Supplied data:
□ □ □

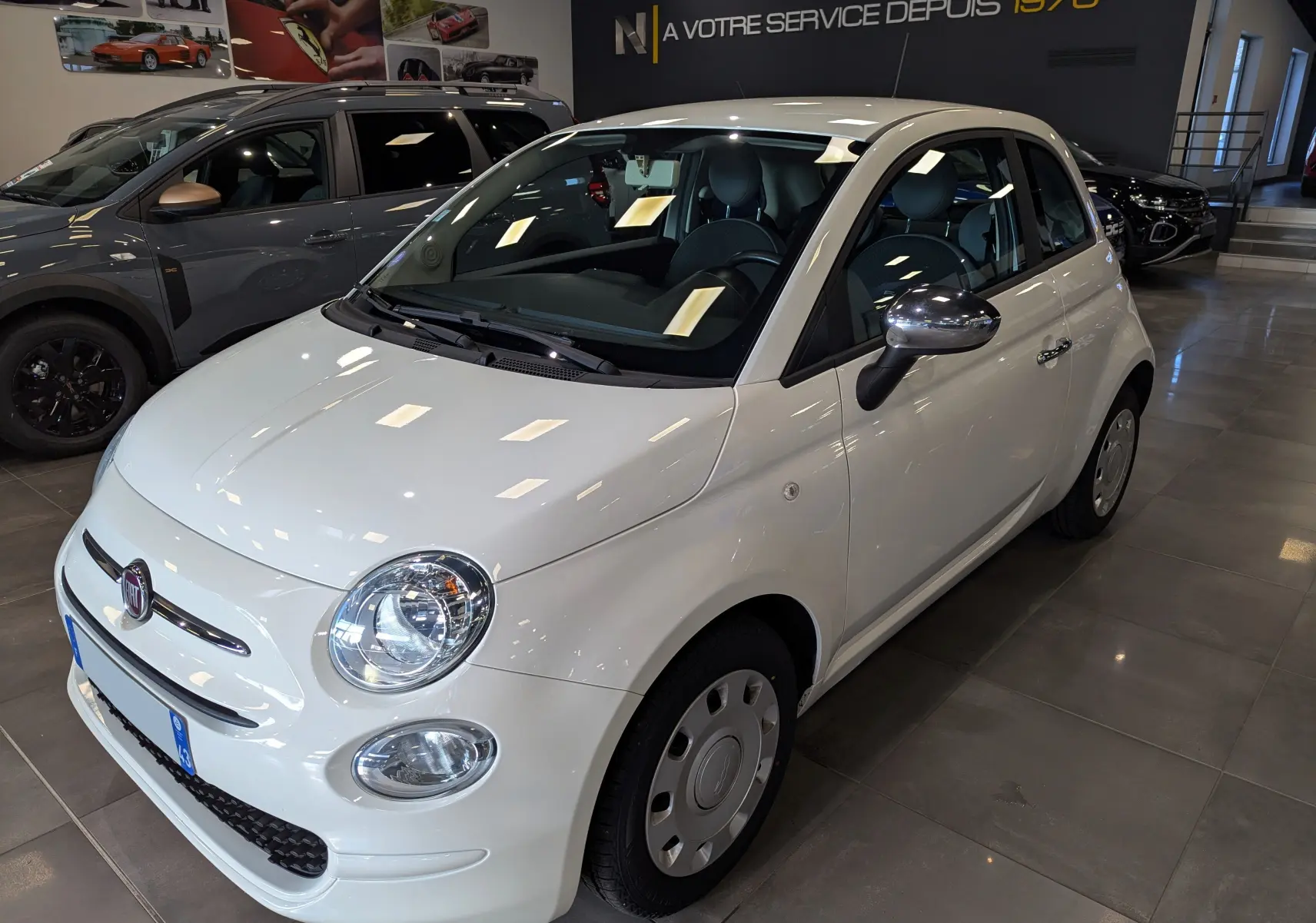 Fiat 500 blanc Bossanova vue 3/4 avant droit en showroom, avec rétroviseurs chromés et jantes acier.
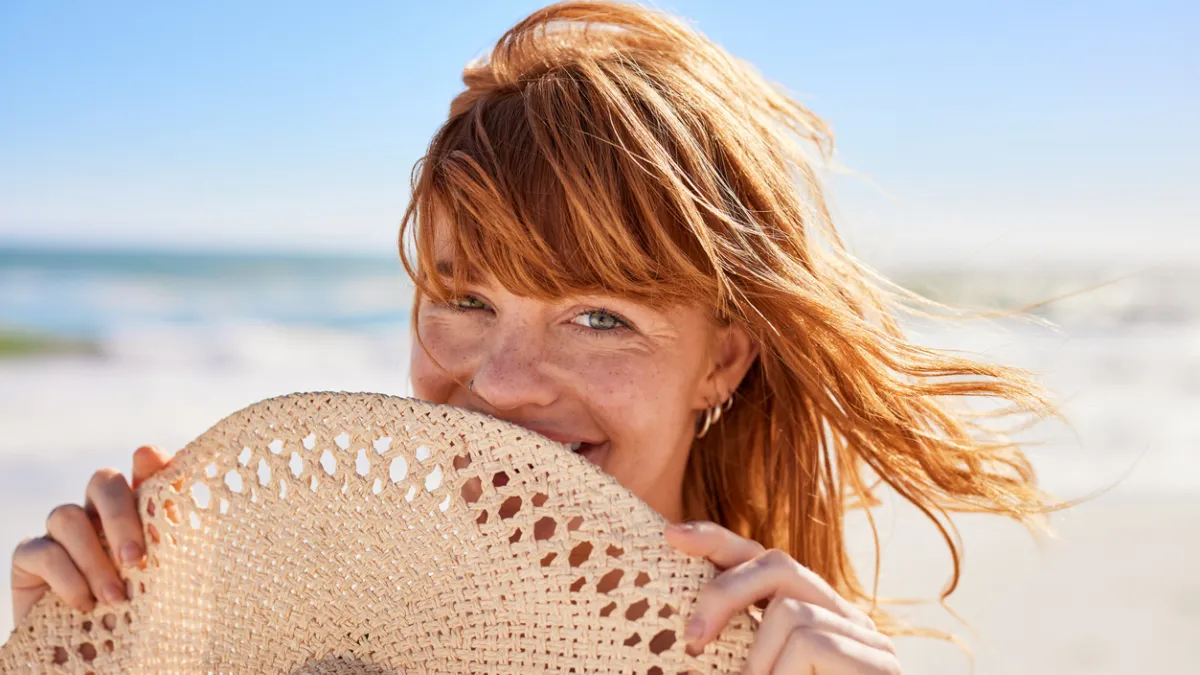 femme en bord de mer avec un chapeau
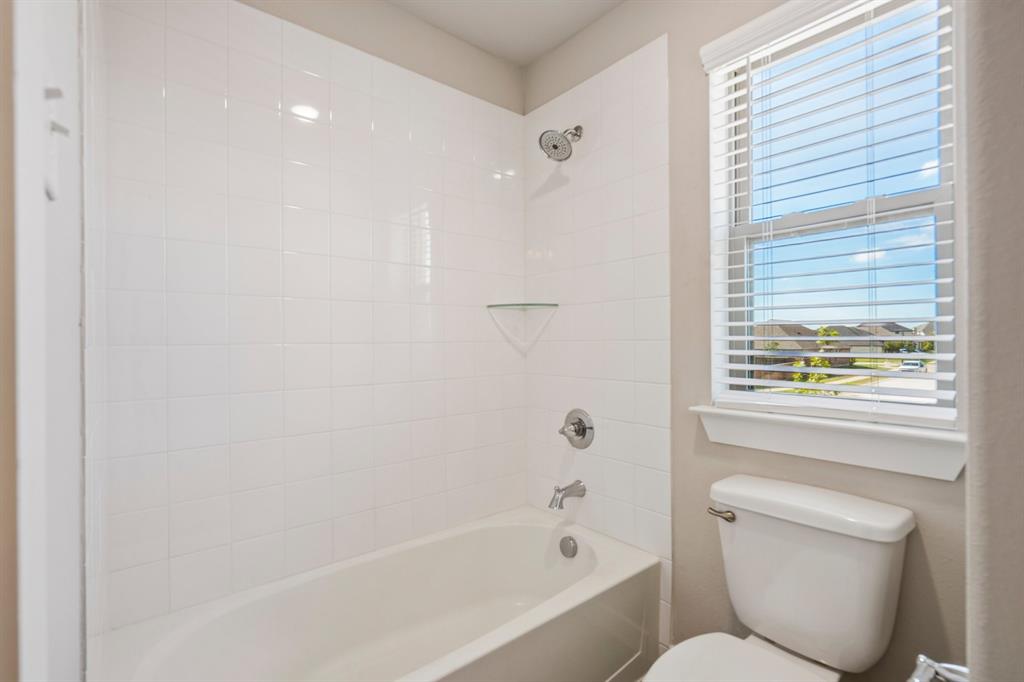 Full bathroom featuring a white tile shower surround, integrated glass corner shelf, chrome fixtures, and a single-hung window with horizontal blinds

□ □ □

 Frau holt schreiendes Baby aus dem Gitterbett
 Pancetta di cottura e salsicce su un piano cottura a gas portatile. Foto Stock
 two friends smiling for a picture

□ □ □

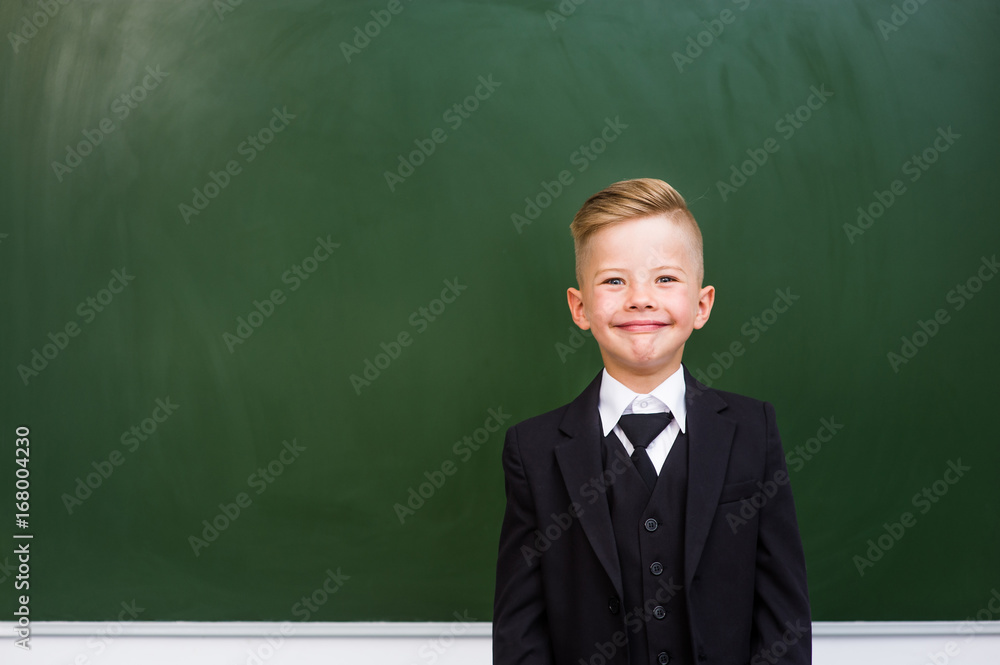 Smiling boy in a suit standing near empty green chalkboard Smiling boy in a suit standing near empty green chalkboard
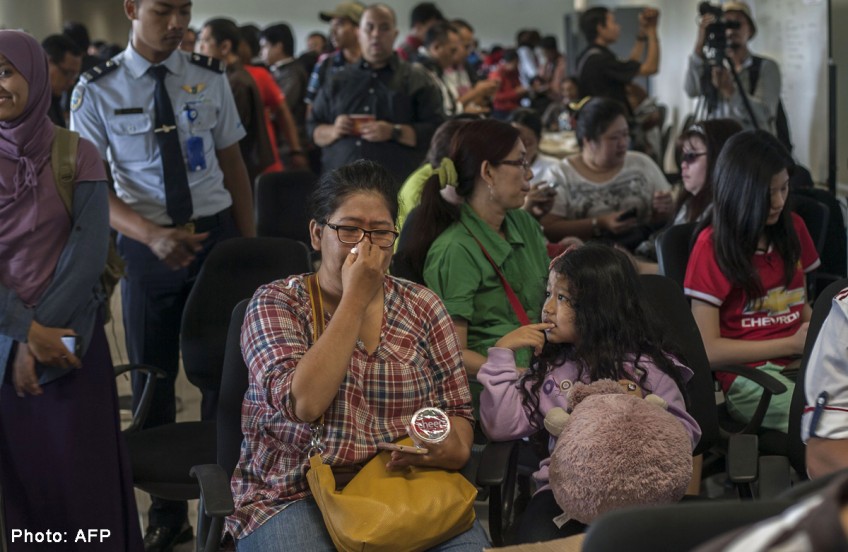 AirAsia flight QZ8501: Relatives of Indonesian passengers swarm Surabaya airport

□ □ □

Your instructions: Nothing but the lines from the one containing "Fiat 500 blanc" through the one containing "Full bathroom featuring" should appear, copied exactly from the material above and without pictures.

Solution to the exercise:
 Fiat 500 blanc Bossanova vue 3/4 avant droit en showroom, avec rétroviseurs chromés et jantes acier.
 femme en bord de mer avec un chapeau
 Full bathroom featuring a white tile shower surround, integrated glass corner shelf, chrome fixtures, and a single-hung window with horizontal blinds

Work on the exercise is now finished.